The goal of this course is to provide the students a pretty good knowledge of the foundations and the techniques of quantum mechanics. The corse is supposed to be adequate for a curriculum for Master of Science in Physics.
This course requires a knowledge of introductory quantum mechanics : wave mechanics, Schrodinger equation, some exactly solvable examples, the hydrogen aton, angular momentum, perturbation theory.
Course unit content
In the last 40 years the progress of quantum electronics experiments made it possible to carry out experiment that the founders of quantum mechanics described only as imaginary experiments: the interference of a single photon and its relocation, experiments on entangled states, etc..
Over the past 10 years new textbooks have been published in which quantum mechanics is exposed in a quite different way. The statistical operator (the density matrix) and situations where the observer has only incomplete knowledge of the quantum system are now described in detail from the beginning. There is more attention to systems with a few degrees of freedom '(especially systems of two energy levels). At the same time, the solution of the Schrodinger equation in one dimension in a quantity of examples that are analytically solvable is now considered as less important.

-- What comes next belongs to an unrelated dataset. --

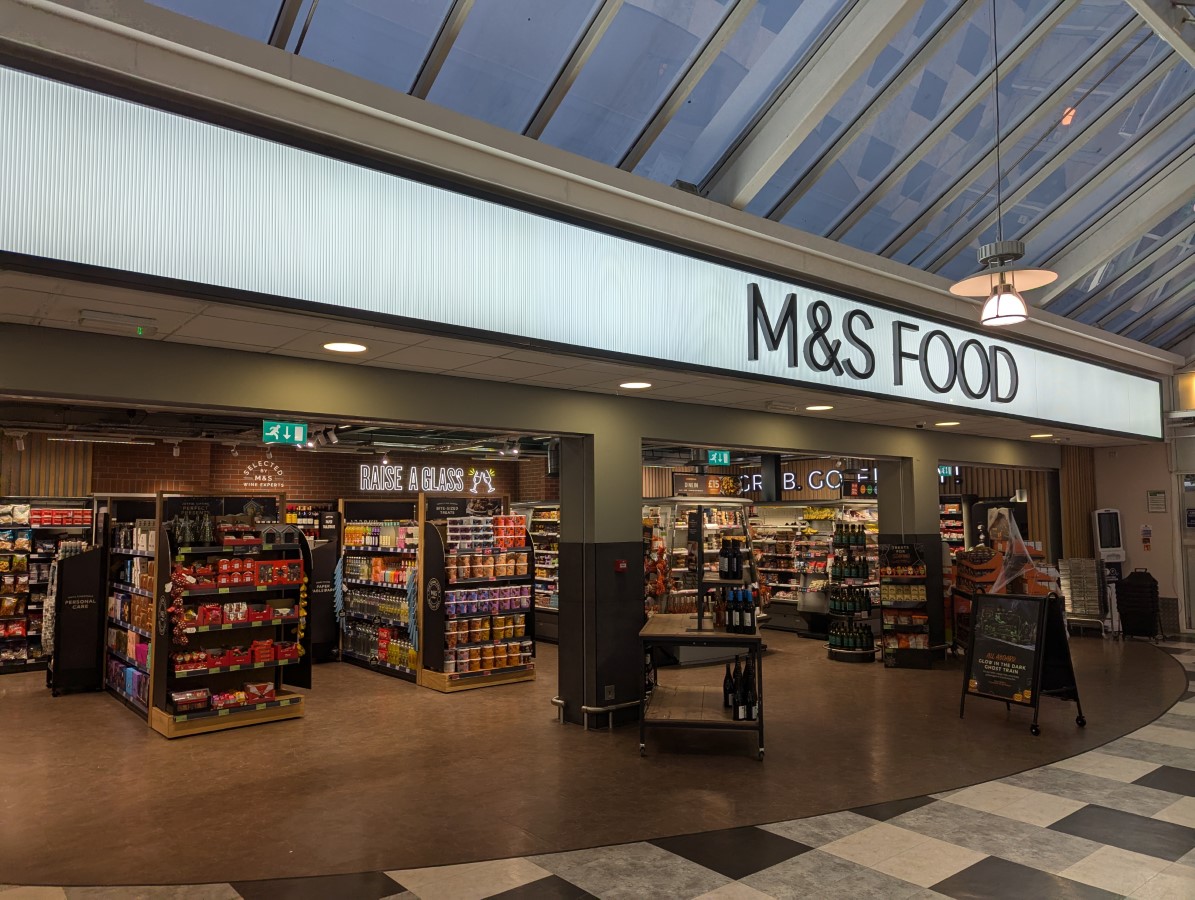 M&S Simply Food- M4 - Leigh Delamere Services - Westbound - Moto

The course will develop arguments inspired by these new texts. A detailed view of the course program can be obtained from the lecture notes, which are available in the teaching material in the course website.
The detailed program corresponds the the lecture notes prepared by the teacher, and freely available on Campus Net
K. Gottfried T-M. Yan, Quantum Mechanics : Fundamentals, Springer 2003.
M. Le Bellac, Quantum Physics, Cambridge Univ. Press 2006.
B.H.Bransden and C.J. Joachain, Quantum Mechanics, second edition, Pearson , 2000.
Class lectures and exercises
Assessment methods and criteria
The final grade is determined as follows : 30% on homeworks, 30% on the middle-term exam, 40% on the final-term exam.